自分の中途半端さに悩み、1社目の経営から退く

 その後、慶應義塾大学の環境情報学部に入学した私は、当初、社会心理学の研究に関わろうと考えていました。環境情報学部は「課題発見解決型」というキーワードを持っており、私は学際的なアプローチで社会の動態、心理のようなものを探求することに興味を持っていたのです。

 しかし、入学直後から、私は立ち上げから数ヵ月しか経っていない企業の経営に飲み込まれていくことになります。

 なぜ、研究したいという気持ちよりも、彼らとともに戦いたいと思ったのか。それにはいろいろな理由がありました。

 とにかく、「こいつらと挑戦してみたい」という気持ちはあったと思います。また、大学入学前の事業で挫折があり、もう一度やってみたいという想いが後押ししてくれました。そしてなにより、その会社のメンバーが、私から見れば驚異的な技術力を持っており、この力があるなら戦えるのではないか、と思ったのも大きな理由です。

 実際、ウェブをベースにした技術が急速に発達していた時代に、中学生のときからずっとその技術に慣れ親しんでいた友人たちは、大企業が求めるようなシステムもいとも簡単に開発することができました。名の通った企業から発注された仕事を、間接的にではあれ、大学生の会社が受注し、それを納品するという一連の仕事ができたのは誇るべきことだと思います。

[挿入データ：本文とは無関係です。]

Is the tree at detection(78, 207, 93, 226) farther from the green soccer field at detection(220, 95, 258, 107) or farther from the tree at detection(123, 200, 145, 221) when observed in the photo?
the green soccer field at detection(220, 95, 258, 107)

 私は、代表取締役COO(最高執行責任者)として、営業の最前線に立って仕事を取ろうと努力していました。今思えば、極めて幼稚なことをしていたのだろうと想像しています。しかし、自分たちはそれを楽しんで、全力で戦っていました。

 なぜ、私はこの最初の会社から離れたのか。

 正直なところ正確な理由は覚えていません。ただおそらく、テクノロジーをベースにしたこの会社における、自分の立ち位置を見失っていたのではないかと、今になって思います。

 中途半端にプログラムができて、中途半端にデザインができて、中途半端に経営がわかっている人間。それが私でした。

 情報技術の世界での強いビジョンがあったわけではなく、また、強いビジョンがあったとしても、それを実現するために必要なスキルセットを持っていたわけではありません。

 一定の成果を挙げたのち、思い悩んだ末に、私は自分よりも優秀だと感じた人に職務をお願いし、この貴重な体験に終止符を打つことになります。